High Availability and Scalability with Redis Enterprise
As you probably already know, Redis is a key-value database. I’m sure when you hear Redis, the first term that might come to your mind is: Cache. That’s true, Redis works great as a cache, but it is much more than that. Trust me, Redis Labs is trying hard to move away from the Cache-only image. Let me try to change that image for you.
Why Redis?
- Redis is also an in-memory data store and it is super fast.
- It can be used as a database, cache and message broker.
- Yes it is a key-value store, but it does not restrict value to be a String. It supports list, set/sorted set, hash (field-value), bit arrays, Streams or HyperLogLogs as a value for a key. This makes Redis more powerful than other key-value stores, and it’s often referred to as data structures server.

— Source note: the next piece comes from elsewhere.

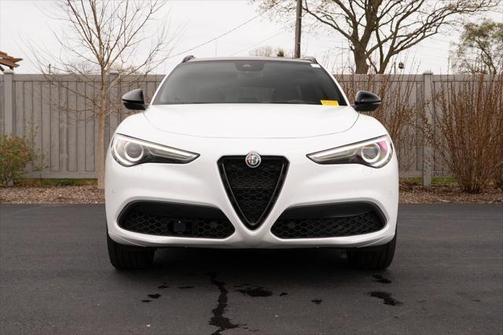 2022 Alfa Romeo Stelvio Ti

- Search operation for keys are super fast, O(1) complexity
- It supports several multi-keys commands like intersection, union, etc
- Supports kind of transactions for operation involving multiple commands
In this article, we will take you on a journey to achieve High availability and scalability using Redis Enterprise version provided by RedisLabs, and by the end of the article, we promise you to make an expert at it!
Let’s get started with an overview about Scalability and High availability concepts from the Redis Enterprise point of view.
Redis Cluster
Redis Enterprise offers Redis Cluster. Redis cluster is just a set of Redis nodes (OS with Redis installed). Redis cluster is self-managed, so all you have to do is create a database with required options and it abstracts out the pain of worrying about nodes/master/slave from you.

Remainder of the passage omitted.